Secara terpisah, Koordinator Nasional Destructive Fishing Watch Muhammad Abdi Suhufan menilai, perbaikan tata kelola perikanan mendesak dilakukan untuk menekan praktik perikanan ilegal. Ia menyoroti terdapat ratusan pelabuhan tangkahan atau tidak resmi yang hingga kini menjadi tempat bongkar muat ikan.
Akibatnya, banyak hasil tangkapan yang tidak tercatat dan tidak dilaporkan sehingga merugikan negara. Sementara penertiban terhadap pelabuhan tangkahan nyaris tidak dilakukan.
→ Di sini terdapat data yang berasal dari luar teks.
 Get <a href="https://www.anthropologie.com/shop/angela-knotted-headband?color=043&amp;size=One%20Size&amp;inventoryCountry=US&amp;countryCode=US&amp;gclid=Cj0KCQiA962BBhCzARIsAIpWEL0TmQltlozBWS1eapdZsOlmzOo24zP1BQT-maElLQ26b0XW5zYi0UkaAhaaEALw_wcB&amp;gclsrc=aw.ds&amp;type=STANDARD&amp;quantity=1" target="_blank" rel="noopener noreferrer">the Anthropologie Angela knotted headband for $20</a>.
Ia menilai, pelabuhan tangkahan harus ditutup dan dialihkan ke pelabuhan perikanan resmi. Dengan demikian, seluruh aktivitas bongkar muat dan hasil tangkapan ikan terdata dan dilaporkan, serta negara dapat memperoleh penerimaan yang wajar.
”Kalau pelabuhan tidak dibenahi, bagaimana pemerintah mau meningkatkan penerimaan negara bukan pajak dari sektor perikanan?” katanya.